Entre passion et désillusion, Un amour impossible explore un amour destructeur qui traverse les décennies. De la romance naissante à la douleur des choix imposés, découvrez comment Rachel et Chantal vivent cet amour qui ne devait jamais exister.
Quand l’amour tourne au destructeur
À première vue, on pourrait croire à une belle romance classique des années 50 : Rachel, une jeune employée modeste, rencontre Philippe, fils de bourgeois, dans un bal provincial. Ils tombent éperdument amoureux, ou du moins, Rachel croit l’être. Sauf que très vite, le film nous montre qu’il y a quelque chose de profondément déséquilibré dans ce duo. Philippe flirte avec la domination sous couvert de charme, rabaisse Rachel, joue avec ses désirs et ses rêves, et ne veut surtout ni l’épouser ni l’assumer.
Ce n’est pas juste un mec un peu égoïste, c’est un manipulateur subtil qui utilise ses discours intellectuels et son charme pour maintenir Rachel dans une position d’infériorité : il la pousse à s’auto‑justifier, à lire Nietzsche parce que « ça serait bon pour elle », et il se moque de ses origines.
Le film camoufle cette violence dans des scènes banales (un mot, un silence, une remise en question permanente) mais c’est cette violence symbolique au quotidien qui s’avère la plus corrosive, et Corsini n’en fait jamais un grand spectacle, elle montre plutôt ce malaise qui s’installe lentement, dans le quotidien.
Une relation toxique sous toutes ses formes
Ce qui frappe dans Un amour impossible, c’est que Philippe n’est pas toujours un “méchant évident”. Au début, il est charmant, drôle, séduisant… et c’est précisément ce qu’il faut pour que Rachel tombe amoureuse. C’est une tactique classique des relations abusives : attirer, flatter, séduire… puis petit à petit isoler, dominer, rabaisser.
Le film montre comment Rachel s’efface peu à peu : elle abandonne son désir de relation stable, elle encaisse les remarques sur sa classe sociale, elle minimise les signes d’indifférence. Et quand elle tombe enceinte, ce n’est pas un pas vers l’avenir… c’est le début d’un long chemin de lutte contre un homme qui refuse de reconnaître sa paternité, puis de réellement assumer son rôle de père.
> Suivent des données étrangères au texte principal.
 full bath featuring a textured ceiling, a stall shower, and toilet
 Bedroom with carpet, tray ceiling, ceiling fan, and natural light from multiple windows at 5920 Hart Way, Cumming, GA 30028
La violence invisible et les secrets de famille
Ce qui rend Un amour impossible encore plus dur, c’est que cette relation toxique ne s’arrête pas à une séparation classique. Des décennies plus tard, quand Philippe se “rappelle” de sa fille Chantal, il essaie de renouer, mais sa présence n’apporte pas de paix. Il continue d’imposer sa volonté et sa vision du monde, laissant derrière lui une traînée de confusion, de colère et de blessures chez sa fille.
Le film suggère aussi quelque chose de plus sombre encore. Une transgression qui dépasse la simple domination, touchant à la perturbation profonde des liens familiaux et à des comportements abusifs longuement tus. Même si Catherine Corsini ne met pas cela à l’écran de façon explicite, l’allusion et le contexte suffisent à faire grandir le malaise chez le spectateur.
Une fin qui ne pardonne rien
La fin du film n’offre pas de réconciliation idyllique. Elle n’efface pas la douleur, elle ne nettoie pas les traces de la domination et des abus. Rachel gagne peut‑être un combat juridique, mais elle paie au prix fort ce qu’elle a donné à cet amour impossible. Et Chantal, devenue adulte, doit affronter non seulement l’absence d’un père engagé, mais aussi le poids de ses blessures émotionnelles et l’ambivalence de ses sentiments.
Parfois, l’amour ne suffit pas, il ne sauve rien et les cicatrices, celles qu’on ne voit pas sur la peau, restent longtemps après la dernière image.